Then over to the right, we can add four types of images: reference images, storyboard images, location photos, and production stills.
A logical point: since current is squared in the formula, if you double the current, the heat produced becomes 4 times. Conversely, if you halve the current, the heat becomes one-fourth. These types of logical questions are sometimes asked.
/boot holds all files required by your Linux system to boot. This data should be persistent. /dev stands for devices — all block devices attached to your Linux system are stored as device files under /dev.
────────────────────────────────────────
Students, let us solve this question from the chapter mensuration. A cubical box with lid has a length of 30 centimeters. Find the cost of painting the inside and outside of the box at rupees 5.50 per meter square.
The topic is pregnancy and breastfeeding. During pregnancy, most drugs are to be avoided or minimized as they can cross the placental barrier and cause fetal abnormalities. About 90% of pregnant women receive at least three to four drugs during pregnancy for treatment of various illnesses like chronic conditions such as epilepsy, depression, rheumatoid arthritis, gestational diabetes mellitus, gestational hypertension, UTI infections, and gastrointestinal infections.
────────────────────────────────────────
## Task goal
List all lines above in which the string "types" appears.

## Answer space
Then over to the right, we can add four types of images: reference images, storyboard images, location photos, and production stills.
A logical point: since current is squared in the formula, if you double the current, the heat produced becomes 4 times. Conversely, if you halve the current, the heat becomes one-fourth. These types of logical questions are sometimes asked.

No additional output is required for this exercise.